# Pow Ww2



## ladybird10 (Jun 10, 2009)

Hi, Iam looking for a William Alfred Cooper who was in the Merchant Navy, and was taken prisioner for most of the second world war, if they anywhere i can look for info on him


----------



## Skye Sierra (Aug 23, 2007)

Hi Ladybird10 and welcome to SN.

The National Archives may be as good as place as any to start the search. They have catalogued records of MN Prisoners of War. I hope you get lucky.

Regards

Roger


----------



## Satanic Mechanic (Feb 23, 2009)

Sorry - no disrespect or anything but I had to look at the thread title twice - I thought initially it was an invite to another native American group meeting


----------



## John Rogers (May 11, 2004)

Yes very close to a POW WOW


----------



## ian d.cameron (Jul 3, 2005)

Hello Ladybird
Do you have his place and date of birth


----------



## Satanic Mechanic (Feb 23, 2009)

John Rogers said:


> Yes very close to a POW WOW in the WIG WAM beating his TOM TOM.


You took that too far


----------



## Hugh MacLean (Nov 18, 2005)

Hello and welcome,

I have a W A Cooper, Chief Cook, PoW number 88270 held at Milag Nord. He was aboard ss PORT HOBART. His Dis.A. 882071.

Regards


----------



## Roger Griffiths (Feb 10, 2006)

I can confirm the details in Hugh's post.
PORT HOBART was sunk by the German Pocket Battleship ADMIRAL SCHEER on the 24/November 1940 off Bermuda whilst on a voyage Liverpool to NZ.
Milag Nord was the main Merchant Navy German Prisoner of War camp.
There is an excellent article on the conditions at Milag Nord in the Issue 137 of the magazine, "After The Battle." www.afterthebattle.com should get you a copy.
There are also several books on the subject In particular one by Gabe Thomas.

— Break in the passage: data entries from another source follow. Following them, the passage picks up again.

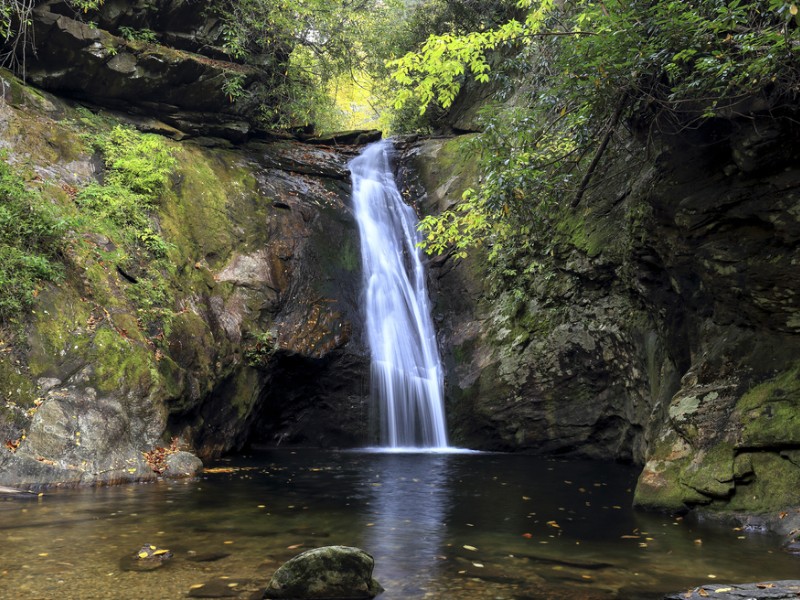 Pisgah National Forest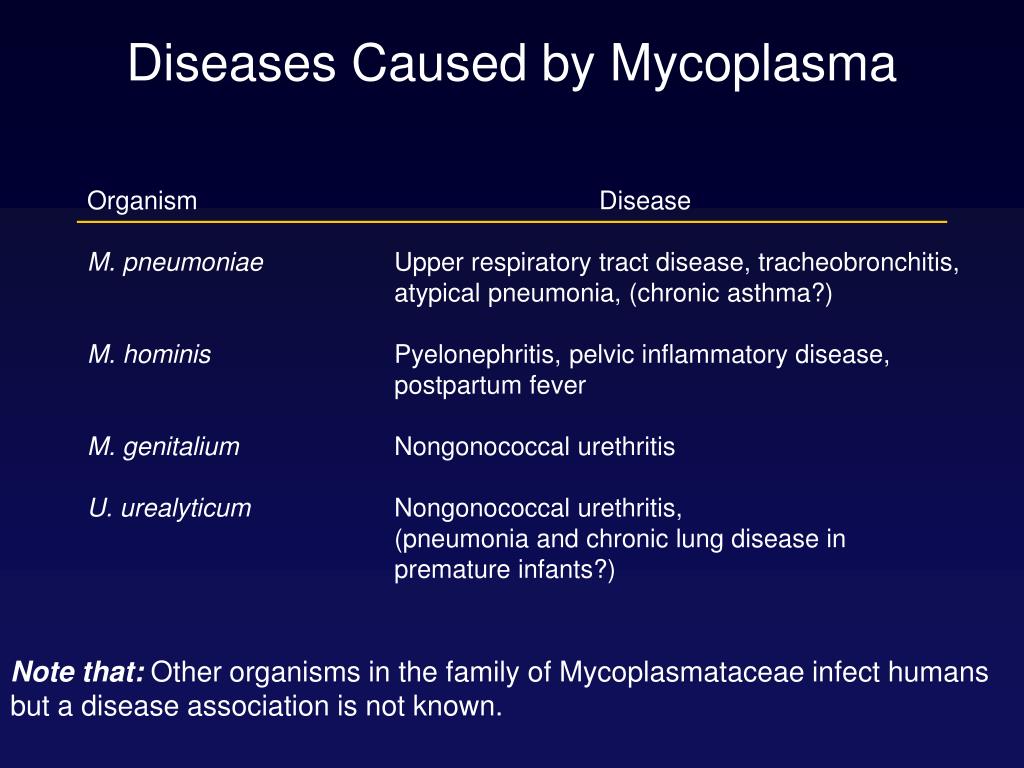 Микоплазма что это. Микоплазма гоминис m.Hominis. Микоплазма гоминис Mycoplasma. Заболевания, вызываемые Mycoplasma Hominis.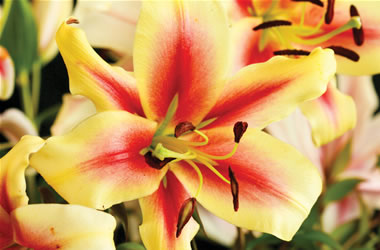 Matisse Oriental Lilies Lavon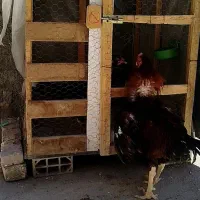 مرغ و خروس لاری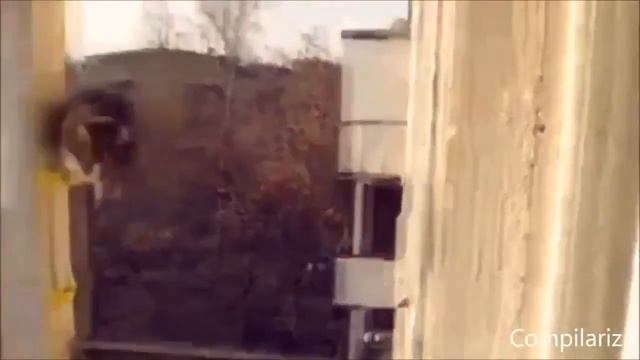 Очень смешное видео про кошек смотреть онлайн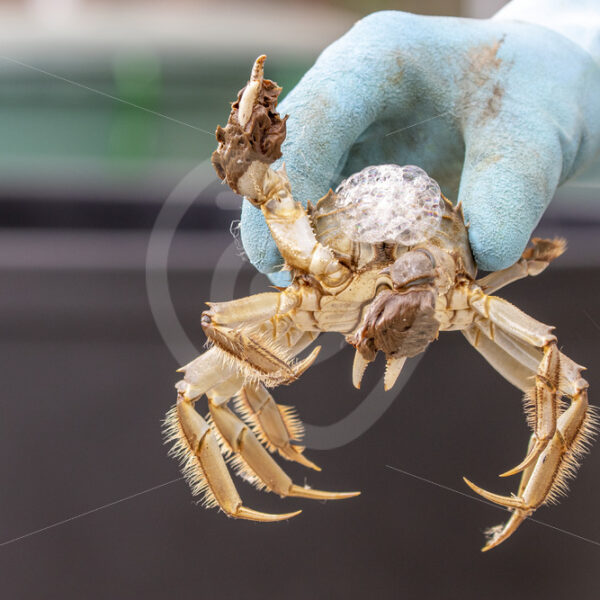 Researcher holding a Chinese mitten crab - Nature Stock Photo Agency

Just Google Milag Nord
There is a file in the National Archives
http://www.nationalarchives.gov.uk/...ight=,PORT,HOBART&accessmethod=0&Summary=True
I doubt it will contain much information other than a list of those taken prisoner from the PORT HOBART.

If he was British MN before this incident then his personal records may be in the Fourth Register of Merchant Seamen.
Take a look at
http://www.nationalarchives.gov.uk/catalogue/RdLeaflet.asp?sLeafletID=128&j=1

Your best bet is to get in touch Southampton City Archive



Roger


----------



## ladybird10 (Jun 10, 2009)

Just to say a big thank you to everybody who help me i didnt know where to start(A)


----------